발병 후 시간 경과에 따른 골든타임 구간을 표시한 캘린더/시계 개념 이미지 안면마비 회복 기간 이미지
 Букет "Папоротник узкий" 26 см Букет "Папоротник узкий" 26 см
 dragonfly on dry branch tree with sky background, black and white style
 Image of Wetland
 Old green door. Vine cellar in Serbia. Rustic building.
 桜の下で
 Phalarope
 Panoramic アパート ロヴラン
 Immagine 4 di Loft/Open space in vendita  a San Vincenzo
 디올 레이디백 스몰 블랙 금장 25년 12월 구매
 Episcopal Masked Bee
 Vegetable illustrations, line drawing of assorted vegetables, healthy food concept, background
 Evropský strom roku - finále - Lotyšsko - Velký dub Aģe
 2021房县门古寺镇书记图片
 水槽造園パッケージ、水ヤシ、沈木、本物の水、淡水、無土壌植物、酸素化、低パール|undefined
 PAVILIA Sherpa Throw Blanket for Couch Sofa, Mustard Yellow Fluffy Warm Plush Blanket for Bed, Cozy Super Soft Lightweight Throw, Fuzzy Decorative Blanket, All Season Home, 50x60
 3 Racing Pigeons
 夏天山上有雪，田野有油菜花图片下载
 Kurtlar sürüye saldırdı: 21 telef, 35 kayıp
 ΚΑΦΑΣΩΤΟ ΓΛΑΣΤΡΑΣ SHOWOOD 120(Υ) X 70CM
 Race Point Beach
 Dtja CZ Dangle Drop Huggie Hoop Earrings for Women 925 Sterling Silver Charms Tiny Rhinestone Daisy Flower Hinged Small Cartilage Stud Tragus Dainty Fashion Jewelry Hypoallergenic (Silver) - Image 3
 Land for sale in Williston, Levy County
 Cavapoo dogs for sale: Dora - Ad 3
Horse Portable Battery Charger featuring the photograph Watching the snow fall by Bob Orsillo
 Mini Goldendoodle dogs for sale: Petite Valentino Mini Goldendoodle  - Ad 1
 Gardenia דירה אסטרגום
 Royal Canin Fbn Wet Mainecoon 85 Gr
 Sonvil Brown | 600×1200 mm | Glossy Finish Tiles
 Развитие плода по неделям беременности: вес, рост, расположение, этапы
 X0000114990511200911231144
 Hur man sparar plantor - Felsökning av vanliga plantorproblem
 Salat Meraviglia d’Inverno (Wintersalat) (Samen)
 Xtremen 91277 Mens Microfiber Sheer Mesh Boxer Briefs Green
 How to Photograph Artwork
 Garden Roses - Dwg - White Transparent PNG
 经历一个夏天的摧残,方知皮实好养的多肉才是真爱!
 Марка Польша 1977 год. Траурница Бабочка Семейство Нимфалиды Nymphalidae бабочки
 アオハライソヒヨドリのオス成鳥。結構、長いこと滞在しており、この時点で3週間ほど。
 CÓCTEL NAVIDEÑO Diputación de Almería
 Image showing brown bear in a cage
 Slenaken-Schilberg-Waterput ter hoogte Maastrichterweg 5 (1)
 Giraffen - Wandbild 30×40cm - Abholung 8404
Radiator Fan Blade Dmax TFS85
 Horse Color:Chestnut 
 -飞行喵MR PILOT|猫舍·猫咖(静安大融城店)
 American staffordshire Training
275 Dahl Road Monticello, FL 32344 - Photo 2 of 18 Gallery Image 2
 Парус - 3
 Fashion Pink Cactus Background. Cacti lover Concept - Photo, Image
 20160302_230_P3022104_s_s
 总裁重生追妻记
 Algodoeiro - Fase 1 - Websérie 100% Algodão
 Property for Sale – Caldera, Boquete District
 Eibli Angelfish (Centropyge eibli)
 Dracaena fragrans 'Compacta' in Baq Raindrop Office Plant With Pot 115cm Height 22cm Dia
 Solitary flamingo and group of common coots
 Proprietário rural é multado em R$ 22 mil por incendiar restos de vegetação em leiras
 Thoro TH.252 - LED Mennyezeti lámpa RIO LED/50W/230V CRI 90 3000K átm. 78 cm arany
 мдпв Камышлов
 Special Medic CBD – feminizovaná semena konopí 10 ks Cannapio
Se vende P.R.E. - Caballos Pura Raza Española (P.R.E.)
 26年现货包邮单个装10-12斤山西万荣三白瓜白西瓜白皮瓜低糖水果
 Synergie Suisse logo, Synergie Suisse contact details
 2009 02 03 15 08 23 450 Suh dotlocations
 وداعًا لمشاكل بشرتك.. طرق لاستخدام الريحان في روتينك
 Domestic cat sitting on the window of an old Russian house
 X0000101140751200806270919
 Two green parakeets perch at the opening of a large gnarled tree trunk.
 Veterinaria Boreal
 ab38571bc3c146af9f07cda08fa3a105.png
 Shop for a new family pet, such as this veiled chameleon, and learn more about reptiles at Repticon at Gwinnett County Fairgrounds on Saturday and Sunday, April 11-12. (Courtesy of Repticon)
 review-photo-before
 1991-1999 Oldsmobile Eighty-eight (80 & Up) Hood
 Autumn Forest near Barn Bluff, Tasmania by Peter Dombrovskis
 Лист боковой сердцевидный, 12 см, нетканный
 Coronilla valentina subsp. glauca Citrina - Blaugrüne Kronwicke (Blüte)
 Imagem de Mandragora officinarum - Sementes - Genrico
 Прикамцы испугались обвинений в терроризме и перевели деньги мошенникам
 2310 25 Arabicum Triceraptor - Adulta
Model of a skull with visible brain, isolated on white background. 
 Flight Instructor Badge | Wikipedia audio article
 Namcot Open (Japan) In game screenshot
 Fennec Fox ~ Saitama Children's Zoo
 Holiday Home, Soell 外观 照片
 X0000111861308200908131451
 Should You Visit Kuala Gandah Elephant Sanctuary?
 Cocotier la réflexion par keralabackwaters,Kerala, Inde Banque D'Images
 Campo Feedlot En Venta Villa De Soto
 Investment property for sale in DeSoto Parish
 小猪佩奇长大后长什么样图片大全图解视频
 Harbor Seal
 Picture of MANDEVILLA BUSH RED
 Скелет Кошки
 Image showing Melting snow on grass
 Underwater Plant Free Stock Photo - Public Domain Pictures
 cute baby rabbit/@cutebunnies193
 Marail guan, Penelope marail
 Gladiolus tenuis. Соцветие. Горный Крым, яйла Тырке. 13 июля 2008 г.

-=-=-=-=-

- [EXERCISE PROMPT]: Copy, without any change, the run of lines from the one with "Model of a skull" through the end of the entries above.

- [ANSWER TO THIS EXERCISE]:
Model of a skull with visible brain, isolated on white background. 
 Flight Instructor Badge | Wikipedia audio article
 Namcot Open (Japan) In game screenshot
 Fennec Fox ~ Saitama Children's Zoo
 Holiday Home, Soell 外观 照片
 X0000111861308200908131451
 Should You Visit Kuala Gandah Elephant Sanctuary?
 Cocotier la réflexion par keralabackwaters,Kerala, Inde Banque D'Images
 Campo Feedlot En Venta Villa De Soto
 Investment property for sale in DeSoto Parish
 小猪佩奇长大后长什么样图片大全图解视频
 Harbor Seal
 Picture of MANDEVILLA BUSH RED
 Скелет Кошки
 Image showing Melting snow on grass
 Underwater Plant Free Stock Photo - Public Domain Pictures
 cute baby rabbit/@cutebunnies193
 Marail guan, Penelope marail
 Gladiolus tenuis. Соцветие. Горный Крым, яйла Тырке. 13 июля 2008 г.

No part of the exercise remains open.